Jak już informowaliśmy wcześniej kilkukrotnie – monachijczycy naprawili błędy z pierwszego meczu i rozbili tym razem swoich rywali z Salzburga aż 7:1. Dzięki wygranej mistrzowie Niemiec pewnie awansowali do ćwierćfinału rozgrywek.
Nie tak dawno temu w wywiadzie dla „Sky Sport Austria” na temat porażki z „Bawarczykami” wypowiedział się bramkarz RBS, czyli Philipp Koehn, który nie ukrywał podczas rozmowy z dziennikarzem, że rozczarowanie całego zespołu po tym spotkaniu jest bardzo duże.
− Rozczarowanie jest bardzo duże. Rezultat jest taki, jaki jest teraz. Początek nie był idealny. Dwa karne na początku, to naprawdę gorzkie. Możemy być bardzo dumni z naszych osiągnięć w całym sezonie – powiedział Koehn.
− Teraz musimy się skoncentrować na Bundeslidze i Pucharze Austrii. Teraz patrzymy w przyszłość – mówił dalej.

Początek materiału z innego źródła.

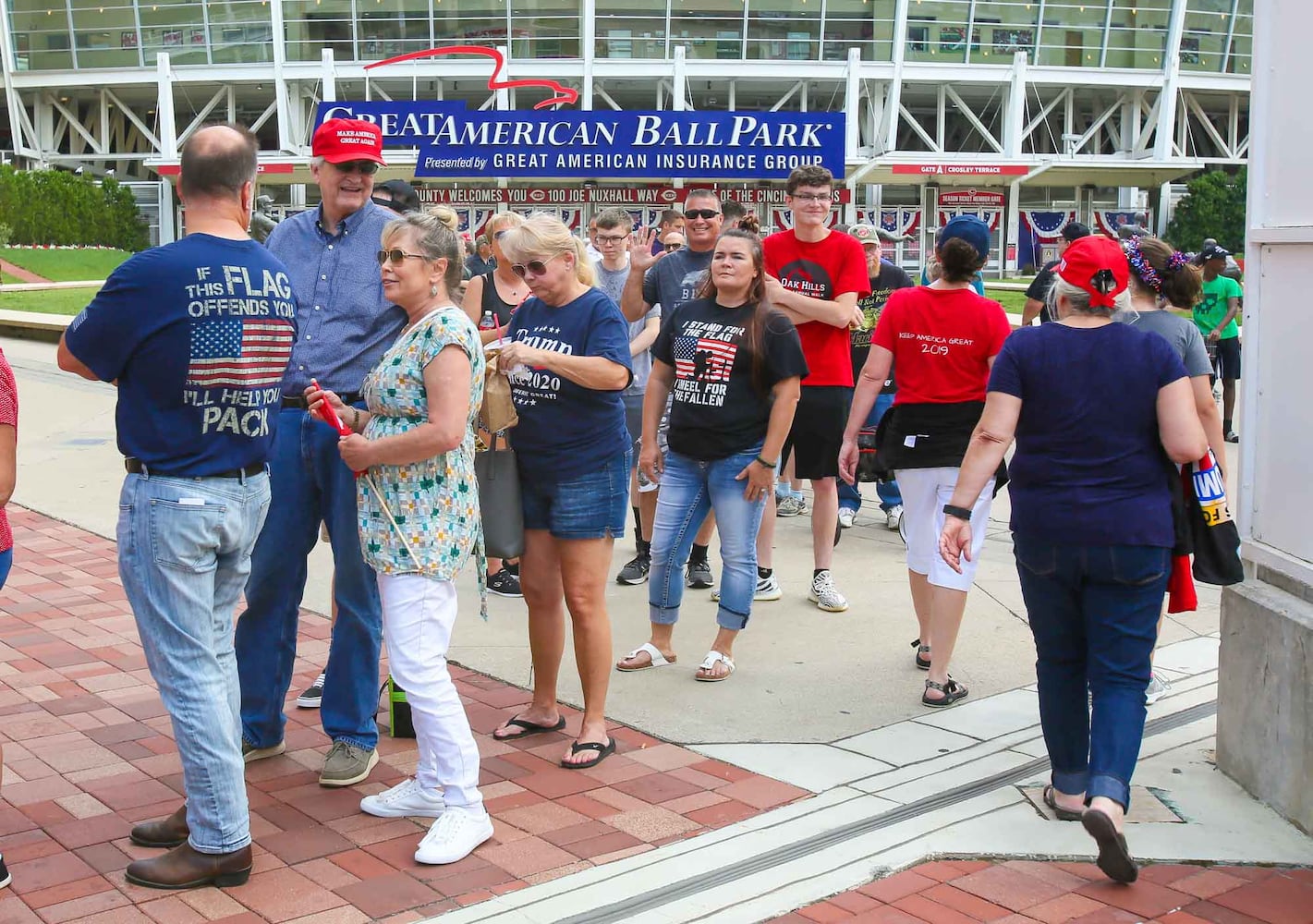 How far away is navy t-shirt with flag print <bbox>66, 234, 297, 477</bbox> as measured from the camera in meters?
3.69

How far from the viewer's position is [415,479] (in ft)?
13.7

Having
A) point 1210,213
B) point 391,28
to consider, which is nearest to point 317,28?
point 391,28

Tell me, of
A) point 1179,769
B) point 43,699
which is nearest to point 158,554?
point 43,699

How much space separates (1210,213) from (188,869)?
155 feet

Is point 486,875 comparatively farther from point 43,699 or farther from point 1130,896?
point 43,699

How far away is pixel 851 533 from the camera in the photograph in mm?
8961

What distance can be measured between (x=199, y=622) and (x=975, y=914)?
89.9 inches

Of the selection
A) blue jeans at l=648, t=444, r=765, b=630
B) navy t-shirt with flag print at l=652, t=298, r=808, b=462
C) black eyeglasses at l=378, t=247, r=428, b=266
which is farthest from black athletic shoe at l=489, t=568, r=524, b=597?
black eyeglasses at l=378, t=247, r=428, b=266

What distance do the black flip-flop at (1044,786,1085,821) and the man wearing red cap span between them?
2.27 meters

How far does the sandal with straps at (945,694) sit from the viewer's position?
217 inches

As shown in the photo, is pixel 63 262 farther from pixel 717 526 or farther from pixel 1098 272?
pixel 1098 272

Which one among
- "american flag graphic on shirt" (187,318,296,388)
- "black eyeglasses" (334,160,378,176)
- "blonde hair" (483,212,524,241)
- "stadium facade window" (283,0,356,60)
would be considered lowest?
"american flag graphic on shirt" (187,318,296,388)

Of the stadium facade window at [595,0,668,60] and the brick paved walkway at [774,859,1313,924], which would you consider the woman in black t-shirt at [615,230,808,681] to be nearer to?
the brick paved walkway at [774,859,1313,924]

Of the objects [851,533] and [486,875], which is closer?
[486,875] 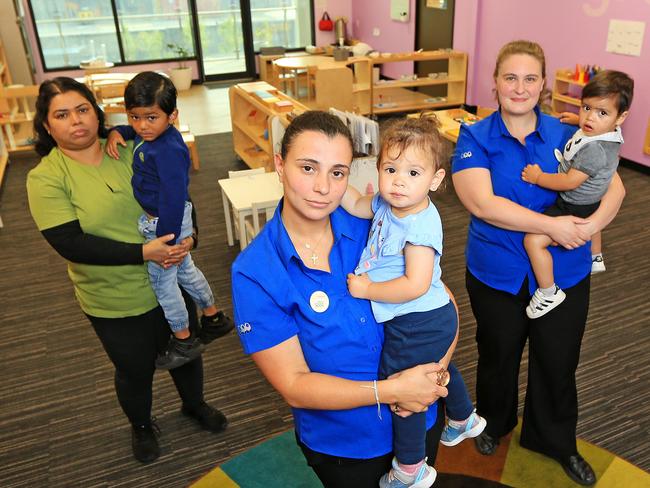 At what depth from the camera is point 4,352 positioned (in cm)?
360

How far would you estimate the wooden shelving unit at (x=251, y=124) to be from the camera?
237 inches

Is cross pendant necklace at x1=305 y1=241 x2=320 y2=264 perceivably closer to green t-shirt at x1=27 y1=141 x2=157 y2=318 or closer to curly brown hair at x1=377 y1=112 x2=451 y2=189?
curly brown hair at x1=377 y1=112 x2=451 y2=189

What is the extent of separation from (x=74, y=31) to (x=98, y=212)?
9.99 metres

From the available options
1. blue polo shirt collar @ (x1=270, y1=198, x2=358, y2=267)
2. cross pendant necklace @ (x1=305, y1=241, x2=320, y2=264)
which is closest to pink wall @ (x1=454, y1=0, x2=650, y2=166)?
blue polo shirt collar @ (x1=270, y1=198, x2=358, y2=267)

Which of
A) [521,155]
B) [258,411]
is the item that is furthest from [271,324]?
[258,411]

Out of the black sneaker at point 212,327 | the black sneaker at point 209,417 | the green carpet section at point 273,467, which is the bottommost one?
the green carpet section at point 273,467

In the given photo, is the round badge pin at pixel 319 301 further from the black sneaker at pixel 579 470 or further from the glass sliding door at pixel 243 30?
the glass sliding door at pixel 243 30

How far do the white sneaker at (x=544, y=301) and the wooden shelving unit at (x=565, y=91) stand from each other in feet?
16.0

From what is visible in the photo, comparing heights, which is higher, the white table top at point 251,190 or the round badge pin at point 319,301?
the round badge pin at point 319,301

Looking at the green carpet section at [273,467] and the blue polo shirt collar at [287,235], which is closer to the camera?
the blue polo shirt collar at [287,235]

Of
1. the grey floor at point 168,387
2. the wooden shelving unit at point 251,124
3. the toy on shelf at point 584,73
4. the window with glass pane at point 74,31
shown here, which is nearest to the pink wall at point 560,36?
the toy on shelf at point 584,73

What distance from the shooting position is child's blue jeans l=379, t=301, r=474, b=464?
1.50 m

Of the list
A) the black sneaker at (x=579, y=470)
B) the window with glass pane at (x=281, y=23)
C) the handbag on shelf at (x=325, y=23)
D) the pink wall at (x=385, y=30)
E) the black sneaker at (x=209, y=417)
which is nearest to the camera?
the black sneaker at (x=579, y=470)

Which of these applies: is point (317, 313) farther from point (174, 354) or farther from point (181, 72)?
point (181, 72) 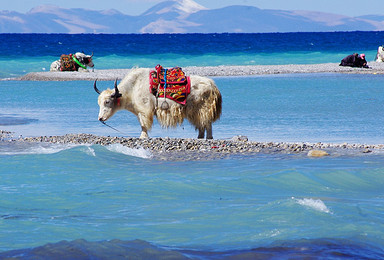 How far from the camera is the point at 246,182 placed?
22.8 ft

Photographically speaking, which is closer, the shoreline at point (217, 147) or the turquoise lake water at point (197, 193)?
the turquoise lake water at point (197, 193)

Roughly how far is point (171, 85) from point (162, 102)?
0.89 ft

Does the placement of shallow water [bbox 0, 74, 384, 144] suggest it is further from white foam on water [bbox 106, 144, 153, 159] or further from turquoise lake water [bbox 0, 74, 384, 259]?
white foam on water [bbox 106, 144, 153, 159]

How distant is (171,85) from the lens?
31.0 feet

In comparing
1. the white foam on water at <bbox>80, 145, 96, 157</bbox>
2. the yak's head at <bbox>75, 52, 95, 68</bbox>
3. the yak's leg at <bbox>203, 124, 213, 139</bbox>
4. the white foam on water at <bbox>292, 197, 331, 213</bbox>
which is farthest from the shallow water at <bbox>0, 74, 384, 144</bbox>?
the yak's head at <bbox>75, 52, 95, 68</bbox>

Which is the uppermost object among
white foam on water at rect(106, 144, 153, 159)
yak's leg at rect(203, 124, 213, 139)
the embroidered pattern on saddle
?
the embroidered pattern on saddle

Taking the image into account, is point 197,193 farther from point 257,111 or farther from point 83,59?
point 83,59

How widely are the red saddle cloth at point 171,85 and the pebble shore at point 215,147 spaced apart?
0.67 meters

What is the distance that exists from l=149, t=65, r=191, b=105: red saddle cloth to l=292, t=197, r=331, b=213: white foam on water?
3.75 metres

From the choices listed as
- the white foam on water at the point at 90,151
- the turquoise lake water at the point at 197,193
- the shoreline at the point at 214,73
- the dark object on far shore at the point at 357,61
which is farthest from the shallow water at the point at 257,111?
the dark object on far shore at the point at 357,61

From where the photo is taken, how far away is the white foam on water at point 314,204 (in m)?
5.72

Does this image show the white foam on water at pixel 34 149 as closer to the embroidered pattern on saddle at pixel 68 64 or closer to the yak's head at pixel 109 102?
the yak's head at pixel 109 102

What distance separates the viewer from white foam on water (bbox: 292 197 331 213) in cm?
572

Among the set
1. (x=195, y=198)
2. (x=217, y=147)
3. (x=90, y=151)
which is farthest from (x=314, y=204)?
(x=90, y=151) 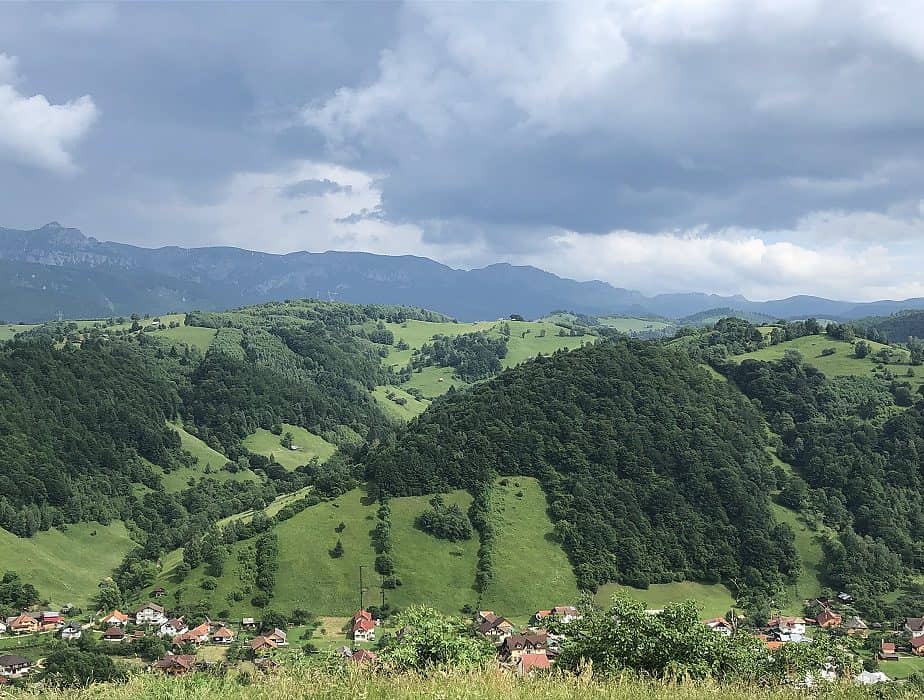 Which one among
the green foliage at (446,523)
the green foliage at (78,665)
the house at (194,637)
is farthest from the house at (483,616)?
the green foliage at (78,665)

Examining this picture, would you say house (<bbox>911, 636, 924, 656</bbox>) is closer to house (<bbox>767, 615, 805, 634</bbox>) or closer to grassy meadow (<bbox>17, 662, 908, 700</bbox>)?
house (<bbox>767, 615, 805, 634</bbox>)

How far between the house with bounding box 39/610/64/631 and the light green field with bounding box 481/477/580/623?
2090 inches

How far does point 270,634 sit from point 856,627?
69.3m

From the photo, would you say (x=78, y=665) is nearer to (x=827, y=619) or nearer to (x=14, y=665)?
(x=14, y=665)

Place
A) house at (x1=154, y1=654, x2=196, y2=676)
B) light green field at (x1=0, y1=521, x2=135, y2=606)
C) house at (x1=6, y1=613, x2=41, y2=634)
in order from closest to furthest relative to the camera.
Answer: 1. house at (x1=154, y1=654, x2=196, y2=676)
2. house at (x1=6, y1=613, x2=41, y2=634)
3. light green field at (x1=0, y1=521, x2=135, y2=606)

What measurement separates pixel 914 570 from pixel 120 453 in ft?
514

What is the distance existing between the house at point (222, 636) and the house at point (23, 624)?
26.0m

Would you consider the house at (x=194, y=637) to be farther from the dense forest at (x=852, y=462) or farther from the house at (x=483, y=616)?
the dense forest at (x=852, y=462)

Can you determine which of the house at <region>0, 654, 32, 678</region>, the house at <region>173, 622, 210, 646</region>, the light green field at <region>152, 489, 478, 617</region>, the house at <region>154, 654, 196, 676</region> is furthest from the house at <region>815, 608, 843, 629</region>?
the house at <region>0, 654, 32, 678</region>

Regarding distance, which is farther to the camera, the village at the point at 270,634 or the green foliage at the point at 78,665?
the village at the point at 270,634

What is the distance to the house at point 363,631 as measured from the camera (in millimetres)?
75188

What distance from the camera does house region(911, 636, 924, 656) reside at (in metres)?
75.2

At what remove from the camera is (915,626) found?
268 ft

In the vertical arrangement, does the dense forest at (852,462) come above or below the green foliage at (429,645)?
below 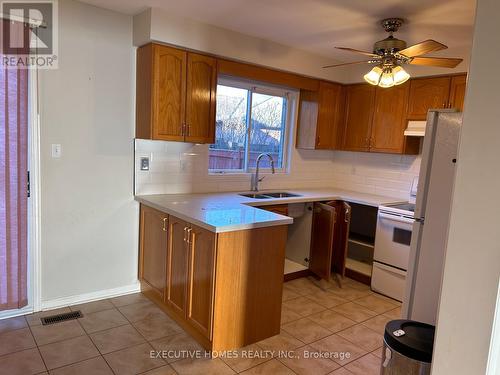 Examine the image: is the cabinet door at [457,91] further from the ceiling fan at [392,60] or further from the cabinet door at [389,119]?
the ceiling fan at [392,60]

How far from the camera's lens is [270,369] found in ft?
7.61

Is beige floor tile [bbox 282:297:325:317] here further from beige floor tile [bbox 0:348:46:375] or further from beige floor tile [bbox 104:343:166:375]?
beige floor tile [bbox 0:348:46:375]

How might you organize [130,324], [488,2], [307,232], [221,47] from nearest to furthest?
1. [488,2]
2. [130,324]
3. [221,47]
4. [307,232]

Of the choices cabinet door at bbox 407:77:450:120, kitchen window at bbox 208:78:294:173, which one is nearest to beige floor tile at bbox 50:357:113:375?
kitchen window at bbox 208:78:294:173

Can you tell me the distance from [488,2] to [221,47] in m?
2.54

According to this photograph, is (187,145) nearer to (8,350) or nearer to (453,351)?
(8,350)

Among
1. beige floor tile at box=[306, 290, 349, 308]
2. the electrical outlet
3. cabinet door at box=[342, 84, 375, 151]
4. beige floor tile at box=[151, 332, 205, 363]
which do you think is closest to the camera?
beige floor tile at box=[151, 332, 205, 363]

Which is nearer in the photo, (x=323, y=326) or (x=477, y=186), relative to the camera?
(x=477, y=186)

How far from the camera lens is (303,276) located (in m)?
3.97

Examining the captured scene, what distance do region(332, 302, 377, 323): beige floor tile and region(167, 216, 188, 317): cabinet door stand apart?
139cm

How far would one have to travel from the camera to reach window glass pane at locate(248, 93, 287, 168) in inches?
162

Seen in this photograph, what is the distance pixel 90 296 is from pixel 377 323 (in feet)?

Niemniej jednak Red Bull Salzburg ma powody do dumy, albowiem zespół prowadzony przez Matthiasa Jaissle jest pierwszym w historii austriackiej piłki, który dotarł do 1/8 finału Champions League. Z drugiej strony Koehn nie ma pewności, czy wynik 1:7 jest zasłużony.
− Po raz pierwszy zakwalifikowaliśmy się do fazy pucharowej jako drużyna austriacka. W pierwszym meczu 1/8 wypracowaliśmy sobie dobrą pozycję przed rewanżem. Myślę, że zrobiliśmy wiele dla austriackiej piłki. Czy wynik 1:7 jest zasłużony? Nie wiem – podsumował Philipp Koehn.